* **Stored data**:
______
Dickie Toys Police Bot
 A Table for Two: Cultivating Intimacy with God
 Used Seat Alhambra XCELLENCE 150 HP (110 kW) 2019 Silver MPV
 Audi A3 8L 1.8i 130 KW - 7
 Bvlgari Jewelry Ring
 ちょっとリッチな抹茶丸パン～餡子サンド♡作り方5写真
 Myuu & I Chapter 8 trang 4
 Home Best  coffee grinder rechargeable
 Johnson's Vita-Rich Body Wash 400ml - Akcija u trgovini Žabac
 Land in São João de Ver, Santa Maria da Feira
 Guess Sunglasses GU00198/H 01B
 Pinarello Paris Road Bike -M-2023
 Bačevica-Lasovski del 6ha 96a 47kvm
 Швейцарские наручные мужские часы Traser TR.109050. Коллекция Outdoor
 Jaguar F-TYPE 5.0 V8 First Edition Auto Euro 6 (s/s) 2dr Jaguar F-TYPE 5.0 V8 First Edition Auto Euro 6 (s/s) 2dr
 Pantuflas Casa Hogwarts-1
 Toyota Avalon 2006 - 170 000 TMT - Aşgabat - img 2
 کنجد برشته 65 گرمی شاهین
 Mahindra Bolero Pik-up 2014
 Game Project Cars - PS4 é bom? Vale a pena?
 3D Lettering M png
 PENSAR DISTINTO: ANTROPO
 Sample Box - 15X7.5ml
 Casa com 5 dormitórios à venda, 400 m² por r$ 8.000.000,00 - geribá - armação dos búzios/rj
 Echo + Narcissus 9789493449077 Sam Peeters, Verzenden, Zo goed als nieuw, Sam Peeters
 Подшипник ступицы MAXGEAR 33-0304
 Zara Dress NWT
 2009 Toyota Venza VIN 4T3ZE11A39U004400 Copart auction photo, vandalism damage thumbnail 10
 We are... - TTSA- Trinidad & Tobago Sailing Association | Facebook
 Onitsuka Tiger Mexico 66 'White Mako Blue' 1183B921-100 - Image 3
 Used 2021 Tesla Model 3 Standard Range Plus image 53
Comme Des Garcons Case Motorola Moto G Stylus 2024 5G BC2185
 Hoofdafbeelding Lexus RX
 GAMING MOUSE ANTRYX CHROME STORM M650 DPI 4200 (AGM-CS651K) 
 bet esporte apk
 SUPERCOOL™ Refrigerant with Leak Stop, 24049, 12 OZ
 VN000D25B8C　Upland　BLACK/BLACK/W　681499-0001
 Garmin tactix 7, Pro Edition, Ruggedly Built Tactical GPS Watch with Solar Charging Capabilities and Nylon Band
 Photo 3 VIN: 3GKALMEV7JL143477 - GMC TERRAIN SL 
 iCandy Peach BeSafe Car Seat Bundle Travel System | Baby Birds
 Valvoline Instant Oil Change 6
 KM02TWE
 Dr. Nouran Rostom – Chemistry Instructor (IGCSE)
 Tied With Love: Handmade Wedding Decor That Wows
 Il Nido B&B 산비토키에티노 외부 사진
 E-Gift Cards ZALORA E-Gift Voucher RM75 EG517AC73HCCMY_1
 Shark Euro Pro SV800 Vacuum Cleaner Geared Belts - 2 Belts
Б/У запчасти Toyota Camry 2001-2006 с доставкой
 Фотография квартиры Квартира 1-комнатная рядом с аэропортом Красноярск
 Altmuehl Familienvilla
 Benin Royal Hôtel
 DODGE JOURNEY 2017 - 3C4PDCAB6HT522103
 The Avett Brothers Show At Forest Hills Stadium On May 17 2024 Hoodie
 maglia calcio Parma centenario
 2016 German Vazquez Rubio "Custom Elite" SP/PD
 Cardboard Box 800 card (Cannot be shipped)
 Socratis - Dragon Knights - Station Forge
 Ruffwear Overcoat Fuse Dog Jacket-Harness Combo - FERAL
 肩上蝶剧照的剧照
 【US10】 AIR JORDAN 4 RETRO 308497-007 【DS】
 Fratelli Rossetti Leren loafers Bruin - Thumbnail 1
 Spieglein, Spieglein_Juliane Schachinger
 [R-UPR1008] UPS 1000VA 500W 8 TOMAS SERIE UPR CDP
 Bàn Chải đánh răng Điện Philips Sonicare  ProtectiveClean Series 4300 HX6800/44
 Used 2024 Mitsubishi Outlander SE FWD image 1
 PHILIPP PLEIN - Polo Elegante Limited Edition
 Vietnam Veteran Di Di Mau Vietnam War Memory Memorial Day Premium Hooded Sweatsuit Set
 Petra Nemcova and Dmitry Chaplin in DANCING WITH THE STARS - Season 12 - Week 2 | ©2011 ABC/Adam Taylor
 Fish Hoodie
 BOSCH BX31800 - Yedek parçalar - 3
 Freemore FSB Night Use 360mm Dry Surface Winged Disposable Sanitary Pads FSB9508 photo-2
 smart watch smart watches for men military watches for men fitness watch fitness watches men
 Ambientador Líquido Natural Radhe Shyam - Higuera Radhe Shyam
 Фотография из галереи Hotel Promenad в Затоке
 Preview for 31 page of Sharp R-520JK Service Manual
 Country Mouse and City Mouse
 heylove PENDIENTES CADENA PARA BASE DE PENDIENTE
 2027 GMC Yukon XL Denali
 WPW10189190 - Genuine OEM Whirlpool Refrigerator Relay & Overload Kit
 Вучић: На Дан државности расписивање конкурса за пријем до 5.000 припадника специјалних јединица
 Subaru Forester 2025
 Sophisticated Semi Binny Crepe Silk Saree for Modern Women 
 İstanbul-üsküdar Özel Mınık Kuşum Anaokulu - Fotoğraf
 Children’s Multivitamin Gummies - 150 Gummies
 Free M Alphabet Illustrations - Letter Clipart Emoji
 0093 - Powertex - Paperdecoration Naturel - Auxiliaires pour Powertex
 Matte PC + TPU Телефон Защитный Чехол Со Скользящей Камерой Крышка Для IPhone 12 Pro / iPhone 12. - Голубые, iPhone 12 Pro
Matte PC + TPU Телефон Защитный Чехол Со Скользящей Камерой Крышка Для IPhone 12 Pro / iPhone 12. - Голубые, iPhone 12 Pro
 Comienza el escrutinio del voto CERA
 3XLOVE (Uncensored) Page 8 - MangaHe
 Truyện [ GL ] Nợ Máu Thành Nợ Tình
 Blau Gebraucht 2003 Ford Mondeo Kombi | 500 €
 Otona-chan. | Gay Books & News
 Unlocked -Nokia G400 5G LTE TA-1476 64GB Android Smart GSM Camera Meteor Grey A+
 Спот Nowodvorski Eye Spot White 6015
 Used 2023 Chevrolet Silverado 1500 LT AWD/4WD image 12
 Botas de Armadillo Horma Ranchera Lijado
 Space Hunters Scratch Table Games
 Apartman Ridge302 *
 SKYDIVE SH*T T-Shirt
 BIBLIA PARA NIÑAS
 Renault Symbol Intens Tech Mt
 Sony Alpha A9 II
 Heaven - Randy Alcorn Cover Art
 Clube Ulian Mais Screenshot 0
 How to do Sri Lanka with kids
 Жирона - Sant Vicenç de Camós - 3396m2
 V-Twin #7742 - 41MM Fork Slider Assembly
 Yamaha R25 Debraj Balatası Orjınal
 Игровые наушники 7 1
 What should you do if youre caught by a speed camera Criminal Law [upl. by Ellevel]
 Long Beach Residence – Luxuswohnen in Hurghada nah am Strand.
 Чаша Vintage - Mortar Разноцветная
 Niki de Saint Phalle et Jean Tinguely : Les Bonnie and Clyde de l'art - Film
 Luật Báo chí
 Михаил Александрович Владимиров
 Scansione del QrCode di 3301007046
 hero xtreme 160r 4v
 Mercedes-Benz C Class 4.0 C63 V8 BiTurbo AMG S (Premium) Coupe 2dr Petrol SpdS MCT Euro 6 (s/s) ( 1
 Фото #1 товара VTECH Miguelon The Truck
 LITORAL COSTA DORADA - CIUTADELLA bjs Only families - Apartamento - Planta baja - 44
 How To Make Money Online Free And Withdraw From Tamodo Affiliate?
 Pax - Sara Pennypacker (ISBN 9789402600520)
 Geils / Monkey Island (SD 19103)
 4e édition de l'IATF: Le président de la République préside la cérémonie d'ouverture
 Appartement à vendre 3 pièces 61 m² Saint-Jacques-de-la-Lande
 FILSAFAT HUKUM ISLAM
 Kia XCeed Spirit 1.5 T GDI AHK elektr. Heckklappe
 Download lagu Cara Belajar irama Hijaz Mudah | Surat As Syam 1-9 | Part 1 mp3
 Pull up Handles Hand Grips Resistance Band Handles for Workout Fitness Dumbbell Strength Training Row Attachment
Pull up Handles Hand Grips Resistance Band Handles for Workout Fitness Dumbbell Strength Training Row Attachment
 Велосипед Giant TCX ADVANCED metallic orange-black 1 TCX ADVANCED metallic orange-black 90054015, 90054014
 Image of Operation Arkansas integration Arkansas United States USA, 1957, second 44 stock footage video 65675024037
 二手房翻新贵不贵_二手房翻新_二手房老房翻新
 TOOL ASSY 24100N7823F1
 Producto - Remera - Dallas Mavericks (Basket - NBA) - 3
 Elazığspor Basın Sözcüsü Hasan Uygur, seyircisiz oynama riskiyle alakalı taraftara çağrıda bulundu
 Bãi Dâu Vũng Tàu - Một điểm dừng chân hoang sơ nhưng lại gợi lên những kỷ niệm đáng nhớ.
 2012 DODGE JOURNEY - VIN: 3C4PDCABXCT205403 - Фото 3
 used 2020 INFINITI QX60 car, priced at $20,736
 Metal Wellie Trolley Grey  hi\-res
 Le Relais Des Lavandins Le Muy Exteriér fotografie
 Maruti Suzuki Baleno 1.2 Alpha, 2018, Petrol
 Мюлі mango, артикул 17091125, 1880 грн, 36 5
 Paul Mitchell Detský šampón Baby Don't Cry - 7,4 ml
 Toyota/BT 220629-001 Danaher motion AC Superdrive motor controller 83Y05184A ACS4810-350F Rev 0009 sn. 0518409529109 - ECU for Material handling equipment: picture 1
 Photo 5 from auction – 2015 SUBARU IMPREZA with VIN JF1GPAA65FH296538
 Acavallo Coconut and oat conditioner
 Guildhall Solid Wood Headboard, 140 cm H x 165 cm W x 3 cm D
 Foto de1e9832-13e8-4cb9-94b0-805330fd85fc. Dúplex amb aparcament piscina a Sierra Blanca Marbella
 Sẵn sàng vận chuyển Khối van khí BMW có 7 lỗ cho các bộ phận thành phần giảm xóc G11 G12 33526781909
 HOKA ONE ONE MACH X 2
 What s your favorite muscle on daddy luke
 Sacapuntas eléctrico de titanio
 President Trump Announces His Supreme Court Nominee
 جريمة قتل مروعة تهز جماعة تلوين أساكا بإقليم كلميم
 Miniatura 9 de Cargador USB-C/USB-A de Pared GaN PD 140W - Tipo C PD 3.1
______
* **Activity**:
Both end lines included, restate word for word the lines above from the line with "Bvlgari Jewelry Ring" to the line with "(s/s) 2dr Jaguar", and nothing else.

* **Response to this task**:
 Bvlgari Jewelry Ring
 ちょっとリッチな抹茶丸パン～餡子サンド♡作り方5写真
 Myuu & I Chapter 8 trang 4
 Home Best  coffee grinder rechargeable
 Johnson's Vita-Rich Body Wash 400ml - Akcija u trgovini Žabac
 Land in São João de Ver, Santa Maria da Feira
 Guess Sunglasses GU00198/H 01B
 Pinarello Paris Road Bike -M-2023
 Bačevica-Lasovski del 6ha 96a 47kvm
 Швейцарские наручные мужские часы Traser TR.109050. Коллекция Outdoor
 Jaguar F-TYPE 5.0 V8 First Edition Auto Euro 6 (s/s) 2dr Jaguar F-TYPE 5.0 V8 First Edition Auto Euro 6 (s/s) 2dr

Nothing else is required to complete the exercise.